Move run time:  52 minutes.

Later in July, after field and forest forays, viewers will travel to the ocean. The third film, Nausicaa:  Staging the Ocean’s Biodiversity  will be shown on Tuesday, July 26.  Nausicaa is the largest public aquarium in Europe, located in northern France, and is a UNESCO Center of Excellence.  It has undergone an extensive renovation and now provides a gigantic tank (2.6 million gallons) that technologically recreates nature itself, including cycles that replicate day and night and the seasons. The aquarium contains 1600 separate species and 60,000 individual animals.
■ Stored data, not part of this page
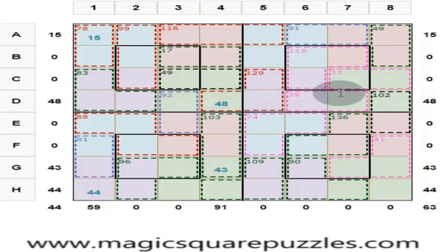Friends, now we will solve this magic square puzzle. What is a magic square? First, what is a magic square? This is an 8 by 8 magic square. It contains numbers from 1 to 64, each only once, such that it has 8 rows and 8 columns.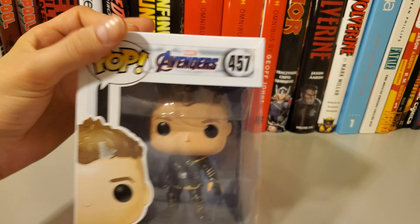In this series you have Tony Stark, Captain America, Hulk, Thor, Thanos, Black Widow, Ant-Man, Nebula, War Machine, and Captain Marvel.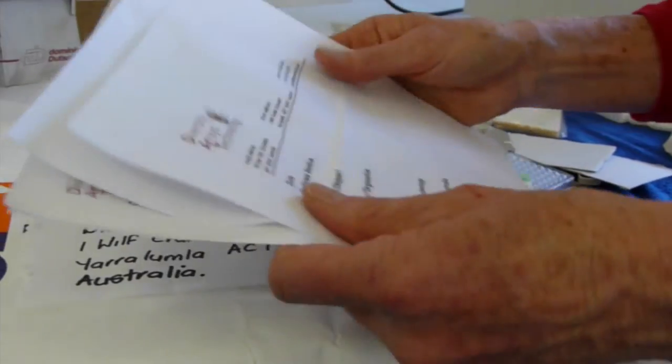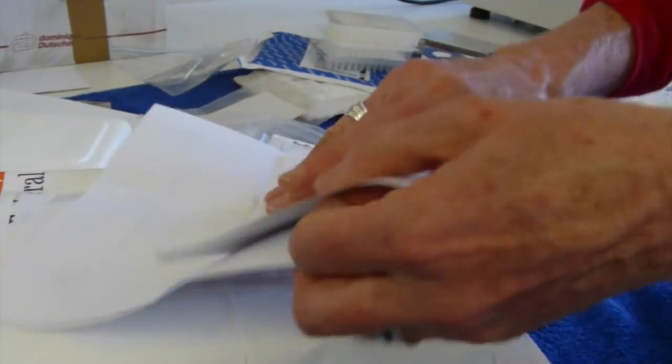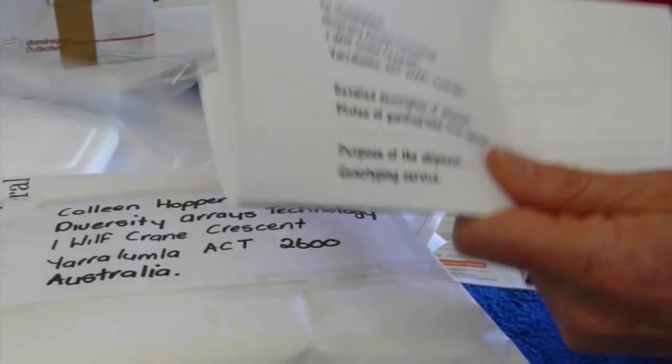Please remember to attach a copy of all three documents to the outside of your package. This prevents the parcel from being caught up in customs.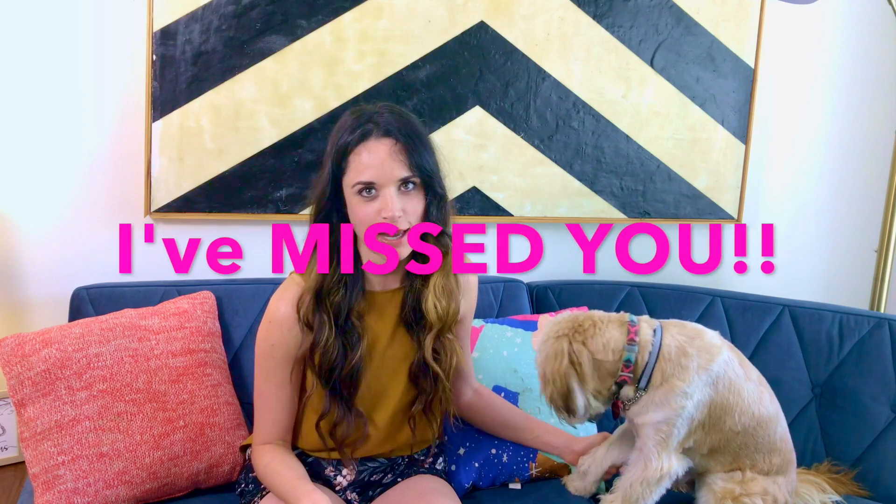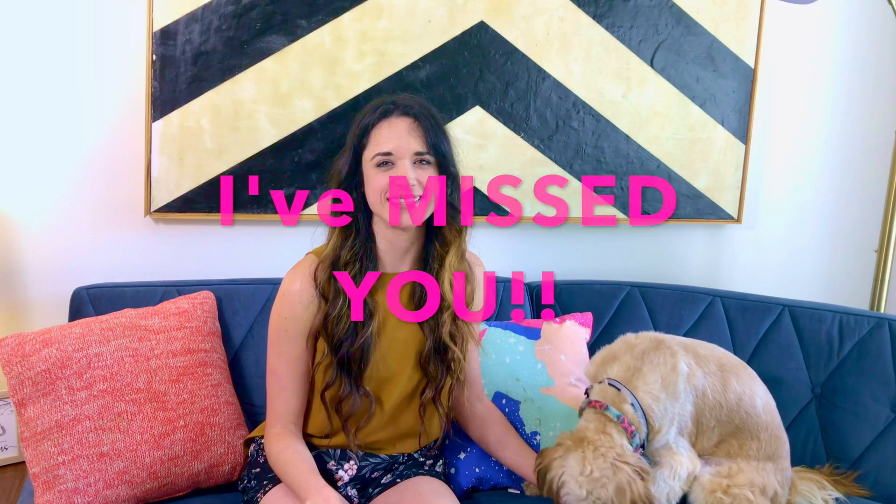Hey everybody out in the Lovecooks universe, it is Friday and that means it is time for a video! I have missed doing these so much. I've been in a really busy season of freelance work, which is such a blessing, but I've definitely missed having time to be on camera and talk with you guys.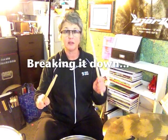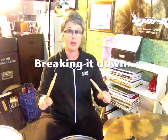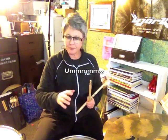This week we're trying a different sort of coordination for a fill. It's based on a sticking pattern: right, left, left, right, left, right, right, left. I'm doing it twice for the fill — a group of four sixteenth notes, four times four equals 16 — and trying it in some different places on the kit.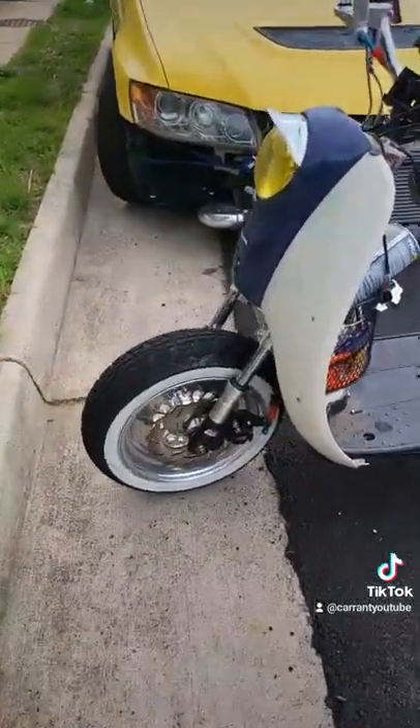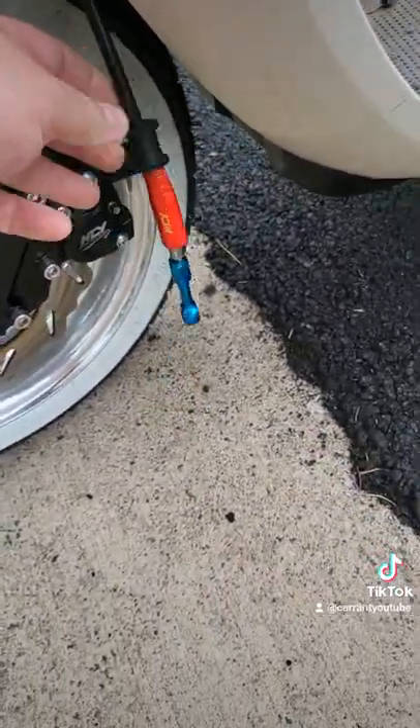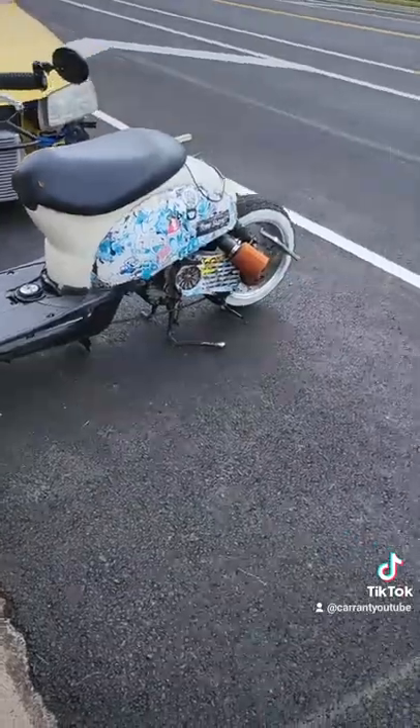We got the new shocks on, but our banjo bolt decided it didn't want to be a banjo no more, so we gotta wait for that. But otherwise, she rides pretty good with this new setup.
In addition to exposing humans to the oceans’ biodiversity, Nausicaa helps to regenerate endangered species that will be returned to the ocean from where their species originally came.  
Movie run time:  52 minutes.

The final film on this year’s series documents a personal odyssey through the Grand Canyon.  On Wednesday, August 10, views will experience Into the Canyon. The filmmaker and a friend hike its 750-mile length. The film not only explores human endurance but also the ecology of the Grand Canyon and the threats that this enormous geological feature faces from climate change and human intervention. All eleven Native American tribes with connections to the canyon strongly believe that the natural state should be preserved. Developers who wish to cash in on the international popularity of this extraordinary place want to build an easily accessible, “below-the-rim” experience for tourists.  Miners press to extract uranium ore. The filmmaker/hiker explores these highly differing scenarios.  
Move run time:  1 hour, 24 minutes.

Each Green Issues film will be followed by a discussion led by an informed League member.  Excellent discussion among audience members has been a key feature of these programs in the past.  We hope you will join us for any or all of Green Issue Films, 2022.